Other articles here discuss the actual process of reaffirming a debt. And the pros and cons of doing so. But as the mortgage market begins to unfreeze (slightly) these days, we are again hearing an old lie from mortgage servicers and mortgage salesmen (er, “mortgage bankers”): You have to reaffirm your mortgage or you can’t refinance it.
This is completely untrue. Reaffirming a debt makes you personally liable for the debt. It puts you at risk for a deficiency claim, if you don’t pay the debt. But if you did not reaffirm, the mortgage did not disappear, it is still a lien on your house. It is still owed and must be paid unless you are willing to risk losing the property. The mortgage company — the servicer — virtually always wants you to make these payments. And they often don’t care about the reaffirmation and will not waste their time (and your money) asking for it during the bankruptcy case.
So why do they later on claim you can’t refinance since you didn’t reaffirm? There are different explanations I’ve been given, some simple, some bizarre, some bizarrely stupid. The problem is compounded by a new generation of loan salesmen (er, loan officers) who have little experience with this process.
A common problem is that your new loan officer can’t “see” the mortgage on your credit report. So you can’t refinance what doesn’t exist, right? This is from the school of “credit reports are written by God” logic. Mortgage brokers at times appear to believe with fatal absoluteness in credit reports as holy writ and have a tendency towards nervous breakdowns if the data on a report is misleading or incomplete. That’s a bad habit, if you’re a mortgage seller.
Occasionally, the problem is related to reaffirmation but not a legal issue. If you do not reaffirm, the payment history after bankruptcy may not appear on your credit report. That can make it more difficult to prove you are a good credit risk. It can make rebuilding your FICO score harder — unless you make a lot of late payments of course. But it is possible to get copies of your payment history from the mortgage company and a decent broker can use those to try to convince their loan underwriters to reconsider a lower FICO score problem. This can be an issue but there are other ways to rebuild credit without reaffirming large debts like a mortgage.

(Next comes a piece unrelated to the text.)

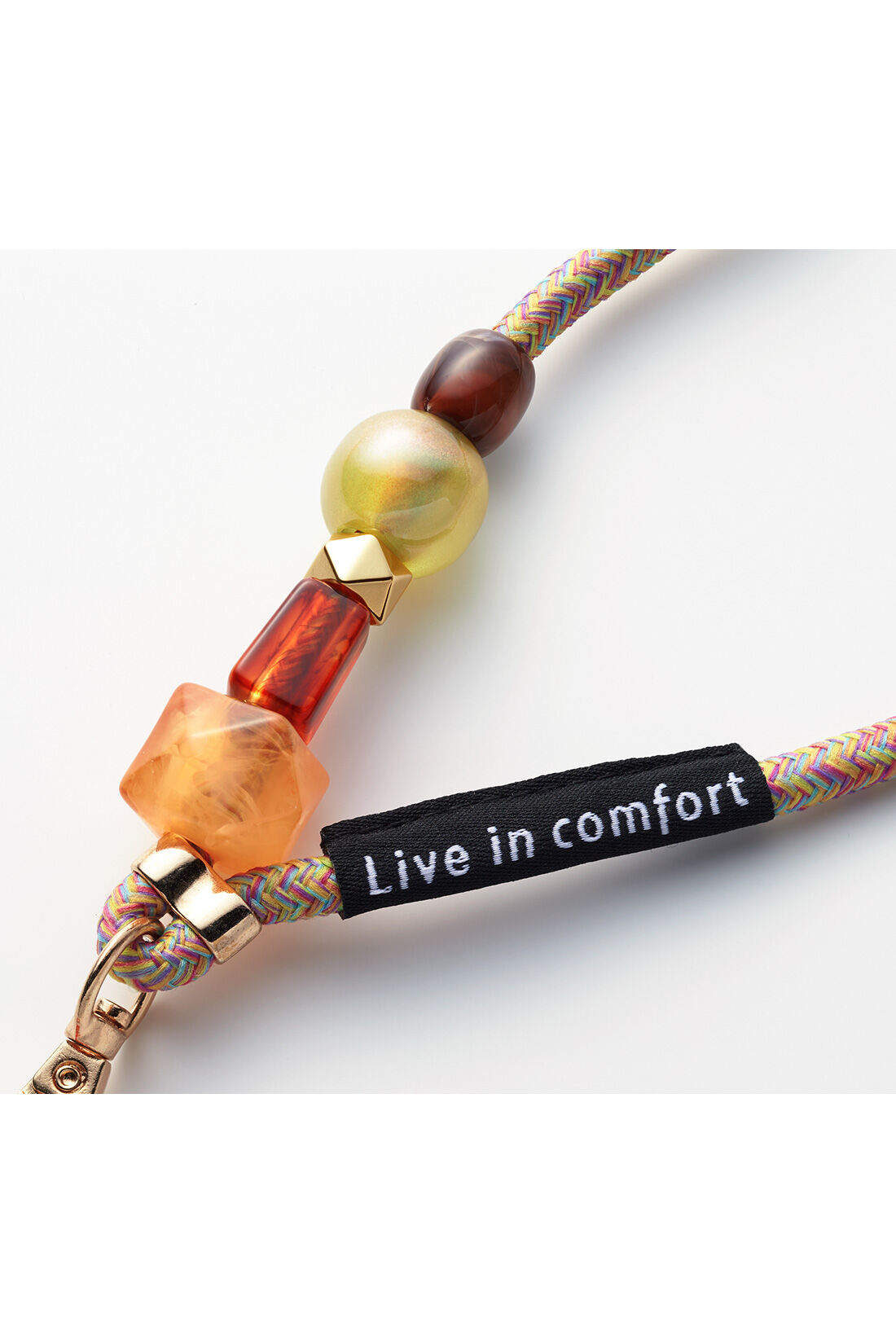 Live in comfort［リブインコンフォート］|リブ イン コンフォート 手ぶらでらくちん！ アクセサリー感覚で華やかな 斜めがけスマホショルダーストラップ〈グリーン〉|パッと華やぐ、大粒だけど軽量なビーズ。　※お届けするカラーとは異なります。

Sometimes the problem is muleheadedness at the mortgage servicer’s office. It’s easier to refuse to provide a payoff to a new lender than to provide it. And, lo and behold!, these good customers did not reaffirm in their bankruptcy last year. There’s an excuse — tell the broker to go away, there’s no “debt” because there was no reaffirmation. (Remember customer service reps are sometimes docked for spending too much time on the phone with you — so finding a way not to do the job is a survival skill.)
And at times the mortgage servicer is misunderstanding the law. They think they cannot provide billing or account information because someone will treat that as a demand for payment of the discharged debt. And accepting the payoff by refinancing is the same problem. Of course this is not true. And they ought to realize it is untrue because the borrower has probably been making payments for awhile and they have been accepted. And bills have been sent to them. All without trouble. But saying no is often easier than saying yes.
It is also possible that some servicers simply do not want to have good performing accounts paid off. If your loan is paying them more in interest and fees than they could make re-lending the money to another borrower, a lender may not really want you to refinance early. If you are inclined to believe mortgage companies think about their investors and their own long-term financial interests with some care and planning, this would make sense.
On the other hand, very little in the last decade of American mortgage lending should make one really believe the industry does much long-term planning. We can all hope that will change of course. I’d like to look like Tom Cruise too. But, as Dirty Harry once said, “A man’s got to know his limitations.”